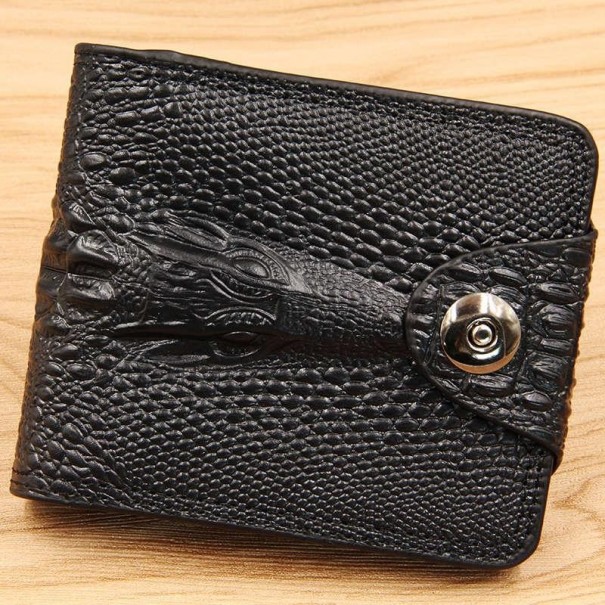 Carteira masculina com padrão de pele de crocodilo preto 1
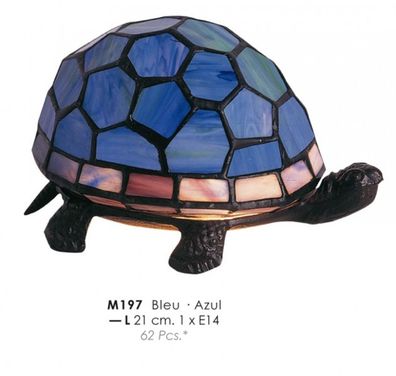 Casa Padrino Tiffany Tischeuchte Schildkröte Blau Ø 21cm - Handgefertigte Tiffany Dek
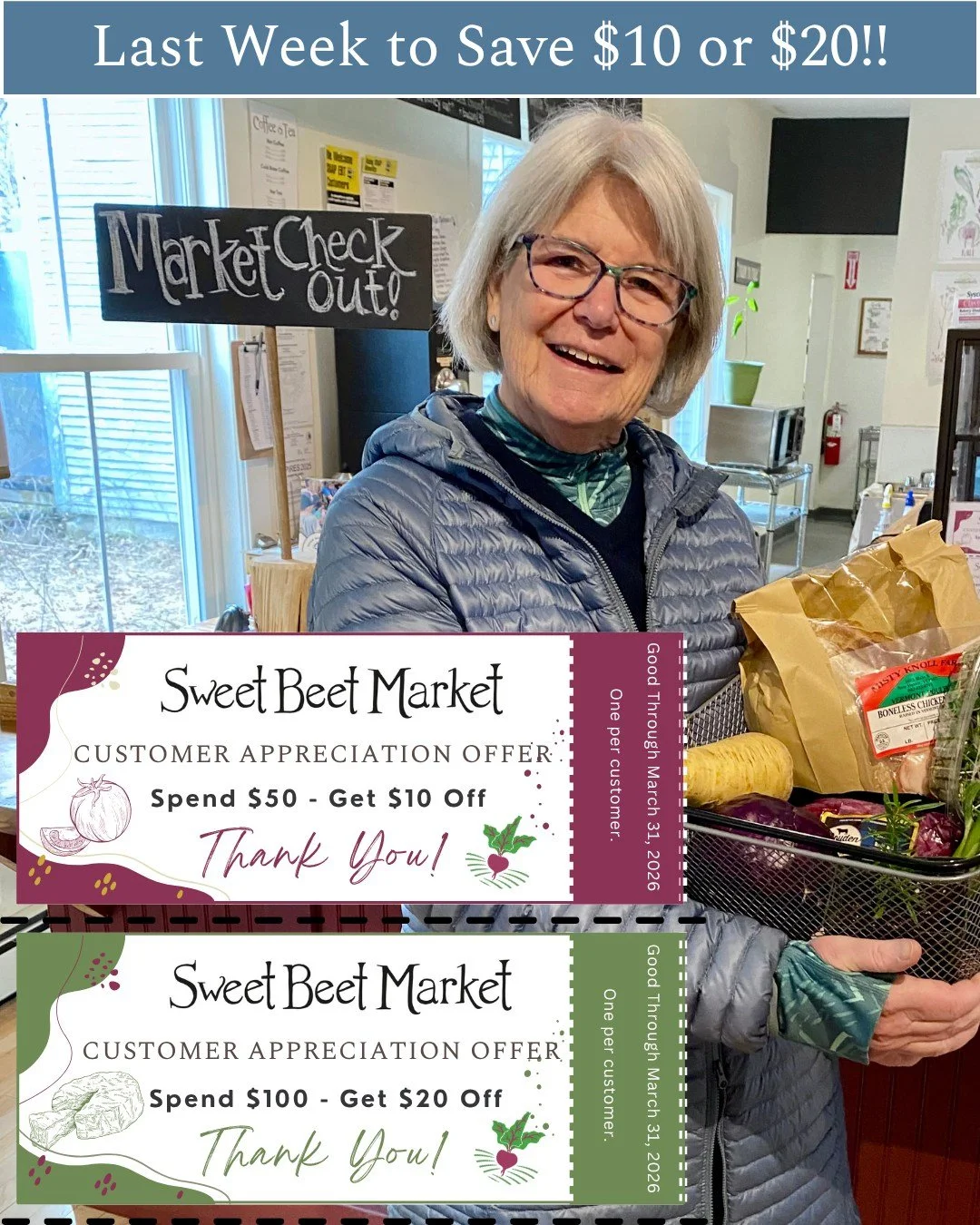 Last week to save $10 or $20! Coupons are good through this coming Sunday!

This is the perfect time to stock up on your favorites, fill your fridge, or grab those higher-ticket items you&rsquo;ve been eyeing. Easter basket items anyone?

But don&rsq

• • • •

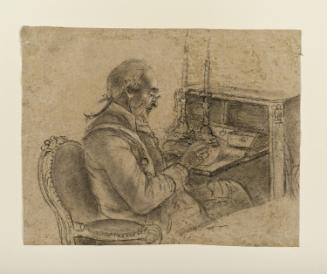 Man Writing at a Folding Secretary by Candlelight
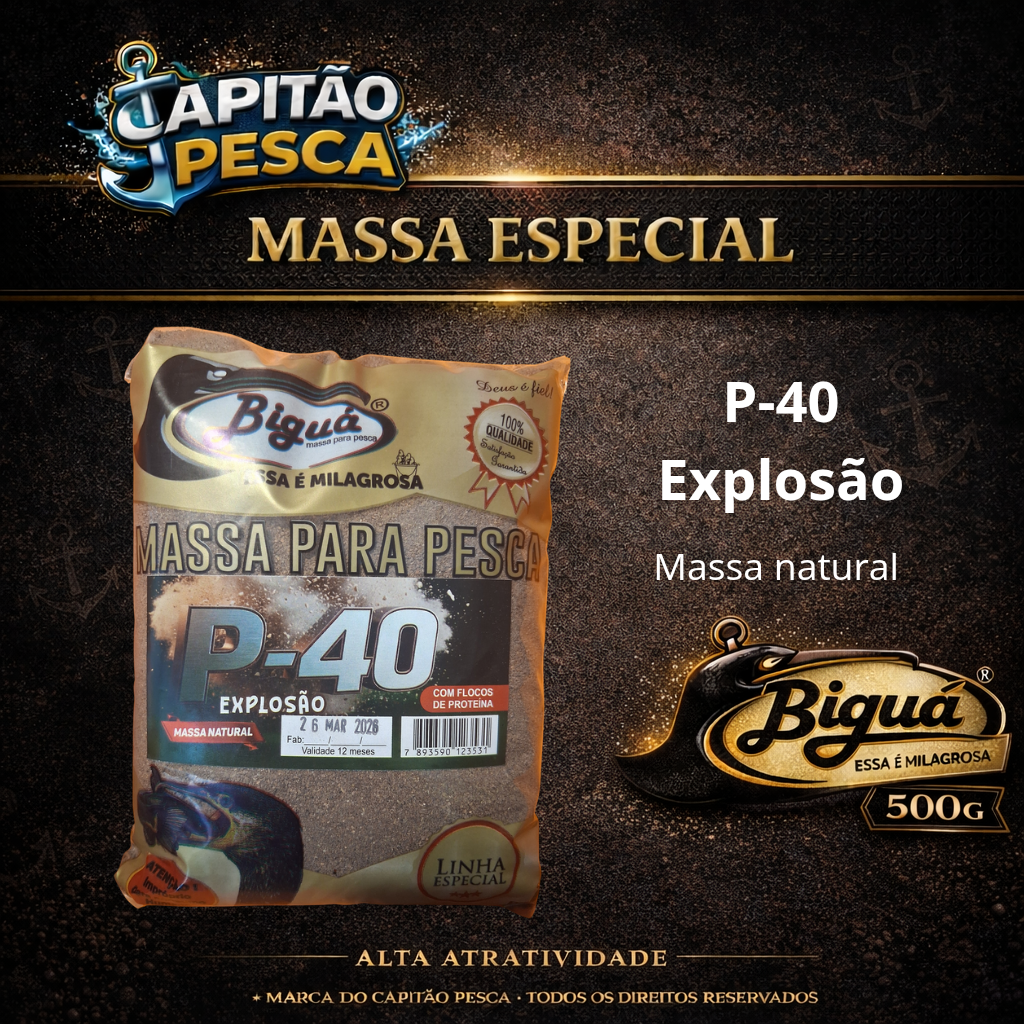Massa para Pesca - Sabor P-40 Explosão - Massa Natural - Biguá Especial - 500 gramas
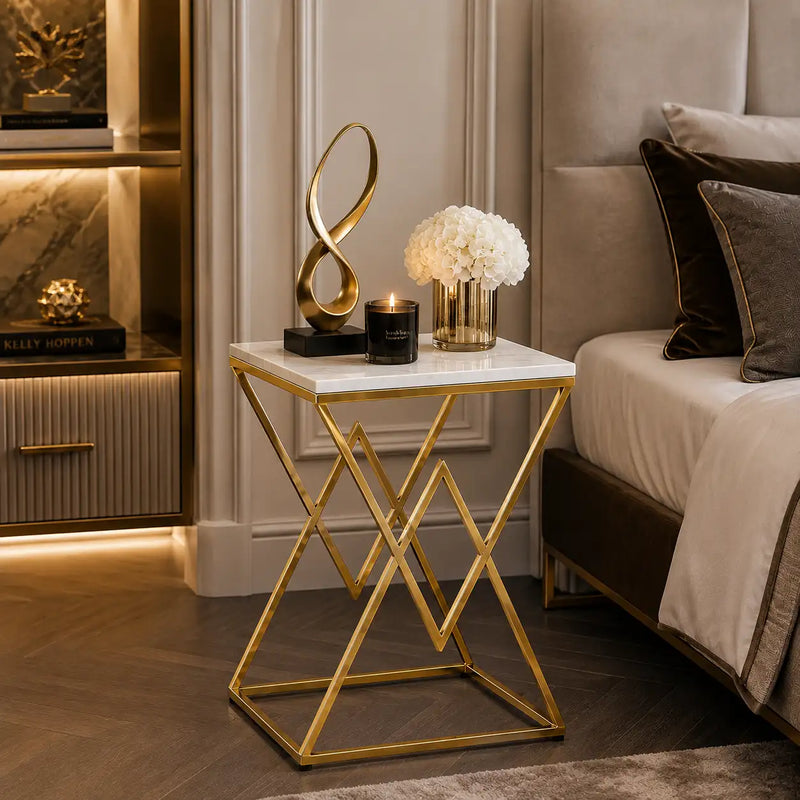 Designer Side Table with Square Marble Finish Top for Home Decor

• • • •

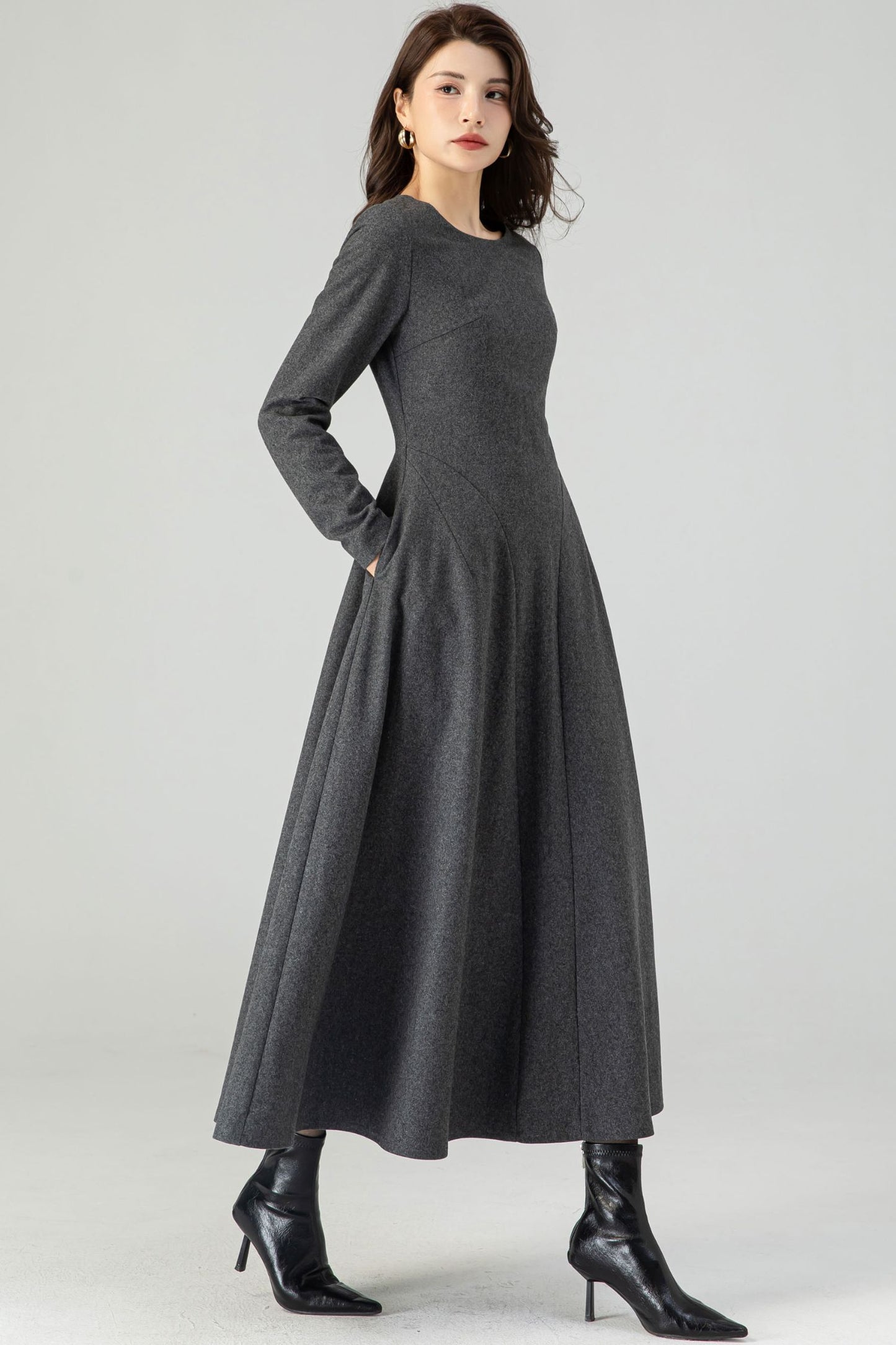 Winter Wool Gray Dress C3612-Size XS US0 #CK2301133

• • • •

Task item
Among the lines above, repeat exactly those from the line with "This is the" to the line with "But don&rsq", counting both ends.

Solution
This is the perfect time to stock up on your favorites, fill your fridge, or grab those higher-ticket items you&rsquo;ve been eyeing. Easter basket items anyone?

But don&rsq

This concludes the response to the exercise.